Détails (et spoilers)
Françoise de Graffigny va réussir à travers le personnage de Zilia et de ses lettres, à nous décrire les péripéties d’une péruvienne passant d’un cloitre à l’autre, d’un continent à l’autre, d’une domination masculine à l’autre.
Dynamique, le récit parcourt l’histoire de cette « vierge du Soleil », successivement capturée par les Espagnols puis les Français, pour atterrir dans le giron familial de Déterville, un noble français qui s’éprendra rapidement de Zilia. Les ameteur.rice.s d’histoire auront remarqué l’incohérence temporelle du récit, qui fait un bon de deux siècles pour faire cohabiter la conquête du Pérou (XVIe siècle) à la France du XVIIIe.

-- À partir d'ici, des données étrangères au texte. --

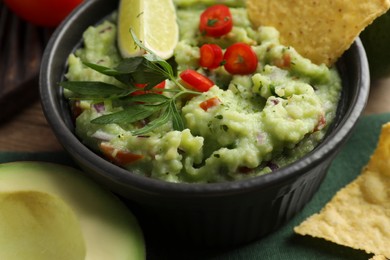 Photo of Delicious guacamole served with nachos chips on table, closeup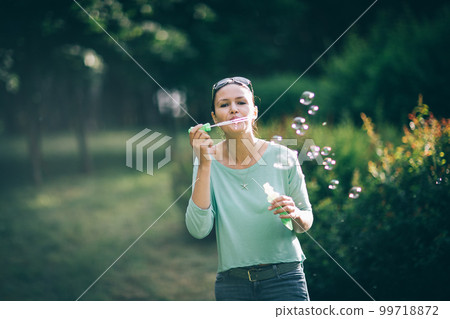 attractive young woman playing with soap bubbles in summer Park attractive young woman playing with soap bubbles in summer Park 99718872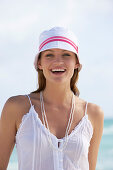 A young brunette woman on a beach wearing a white top and a white hat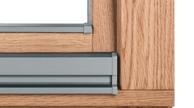 Okapniki w oknach drewnianych pełnią funkcję zabezpieczającą ramy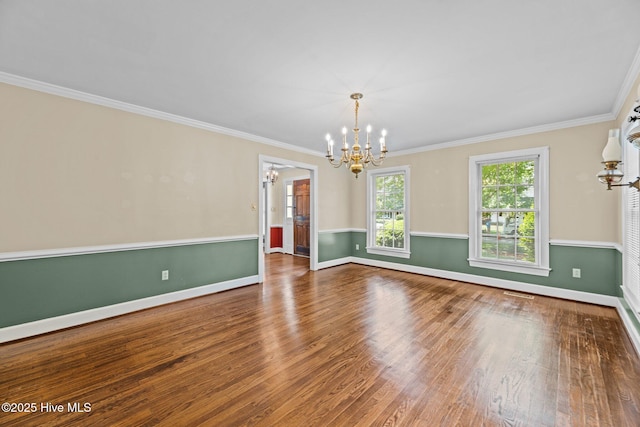 1510 Lucerne Way, New Bern, NC 28560 - unfurnished room with a chandelier, wood finished floors, crown molding, and baseboards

Cette facilité permettra à l’autrice de porter un regard d’une certaine acuité sur les horreurs de la colonisation, et de renverser le qualificatif de « barbare » du colonisé au colon. De plus, et à l’instar de Montesquieu dans les Lettres Persanes, Françoise de Graffigny utilise le roman épistolaire et le personnage étranger pour dérouler ses critiques de la société française. La grande réussite du texte réside dans cette double critique, à la fois des pratiques sociétales systémiques que l’autrice – via le personnage de Zilia – jugera injustes et indécentes, que des mœurs individuelles qui reflèteront l’hypocrisie, la vanité et le paraitre des Français·e·s.
Et bien que Déterville soit parmi les plus louables, les différences d’éducation feront émerger de ses interactions avec Zilia une situation centrale pour la suite du roman. En effet, Zilia, en voulant lui faire part de ses sentiments amicaux envers lui, utilise des termes que Déterville utilisera pour se convaincre que Zilia l’aime. Or il est évident que ces termes, au-delà de leur polysémie, ont parfois été dument mis dans la bouche de Zilia par l’éducation linguistique fournie par l'intermédiaire de Détervielle. Par ailleurs, Zilia étant éperdument amoureuse d’Aza, Déterville ne peut ignorer la distance qui le sépare de Zilia.
Cela permettra d’évoquer le trouble de Zilia, dévorer par l’absence de son amant et par la tristesse de son ami qui ne semble pas se faire à la possibilité de l’amitié d’une femme qui lui plait. Les lettres successives joueront donc de cette situation pour démontrer à quel point Zilia se retrouve accablé par ces deux hommes. La fin du récit viendra parachever cette lecture féministe d’un texte qui affirme la possibilité d’une vie émancipée des hommes.
Tout aussi intéressants que puissent être ces différents propos, on pourra toutefois regretter la présence d’un racisme incarnée par le mythe du bon sauvage, tant certains passages évoquant les Incas les font passer pour des êtres certes sympathiques et injustement opprimés, mais tout de même souvent essentialisés comme proche de la nature, et d’une simplicité parfois ridicule, comme le prouve les descriptions naïves faites par Zilia d’objet pourtant connus des Péruvien·ne·s de l’époque.